It is unlike any other city in the developing world – brilliantly planned with hardly any slums. As the cold war with Ethiopia finally ends, Asmara can at last look to the future
Nakfa House, a mammoth building by Asmara’s standards, is a remnant of the last era of real optimism in Eritrea. Built in 1995, four years after the country broke away from neighbouring Ethiopia – the jubilant culmination of a 30-year struggle for liberation – Nakfa was intended to symbolise a country heady with ambition, and, in Asmara, a capital city racing to to be the Singapore of Africa.

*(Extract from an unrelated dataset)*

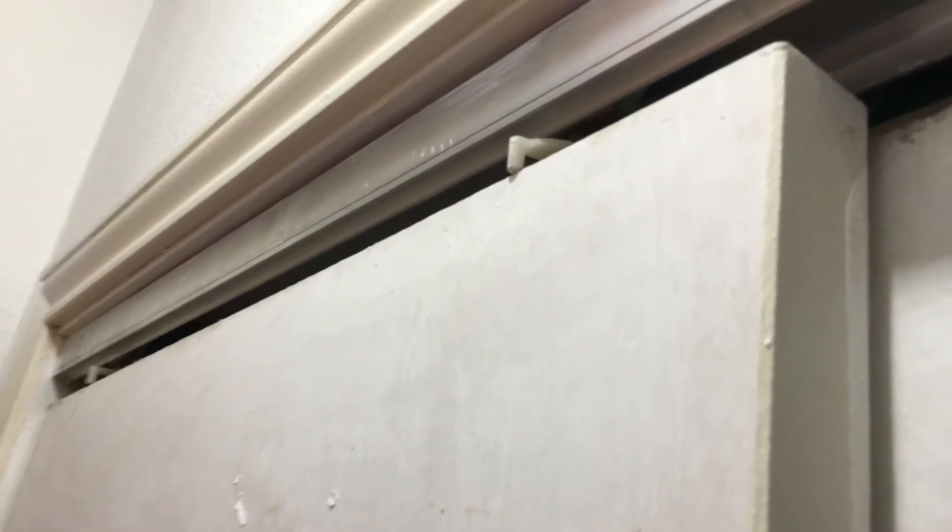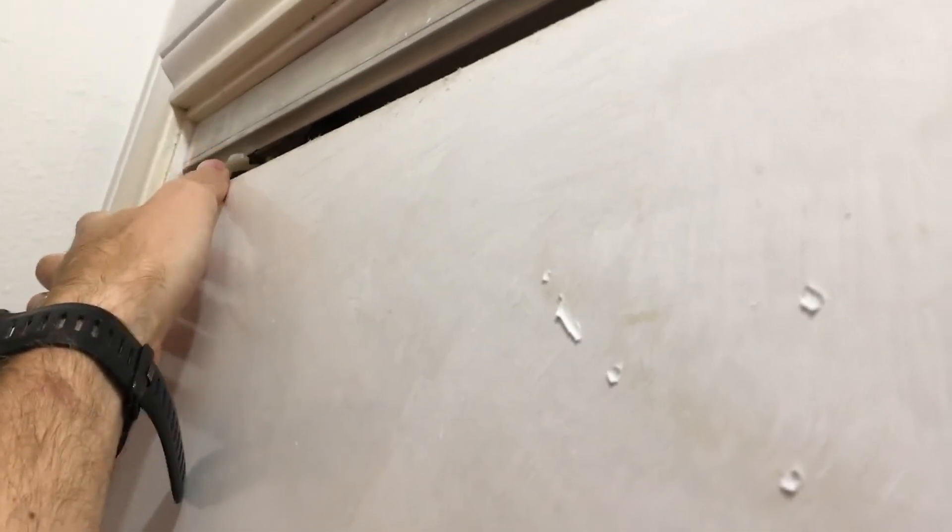I want to show you how to remove these doors. You'll notice the back of these doors — there's latches. Use those to basically access the pins. When you've accessed those pins, you'll have the ability to move the door off its frame.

It was also a mistake. At eight stories high Nakfa blocks the view southwards from the historic city centre along Sematat Avenue. Even more offensively, it looms over the Fiat Tagliero service station, an aeronautic icon of Italian-era futurism built in 1938, and perhaps the city’s most beguiling building. Nakfa, just across the road, seems to be “trying to block the Fiat from flying”, complains Dawit Abraha, assistant project coordinator of the Asmara Heritage Project. This ungainly high-rise – one of several built in the period – swiftly became a lesson in the dangers of misguided development, galvanising a nascent movement to preserve the city’s architectural heritage, which led to Asmara being listed as a Unesco world heritage site in July last year.
Asmara is unlike any other city. Three years after Nakfa was unveiled, Eritrea entered a bloody border war with Ethiopia, which killed tens of thousands and brought the country’s development to a standstill for two decades. Eritrea became a military state and Asmara’s mini-boom came to an abrupt halt as the country entered an era of isolationism and the city’s youth were conscripted to the front (many have yet to return). Thousands of young people still flee the country each year, though in July and August many wealthy Eritreans from overseas visit to see family and enjoy Asmara’s tree-lined avenues, art-deco cinemas and picturesque public squares.
Almost nothing has been built since the turn of the millennium. Years of economic slowdown reveal themselves in worn-out facades, shuttered restaurants and half-empty corner shops. A town planning committee established in 1998 predicted that by 2015 the population of greater Asmara would be about 600,000, but current estimates suggest the number of permanent residents may be only half this. “It’s like a ghost city,” says Matsula T Kifle, a local music producer and veteran of the liberation war.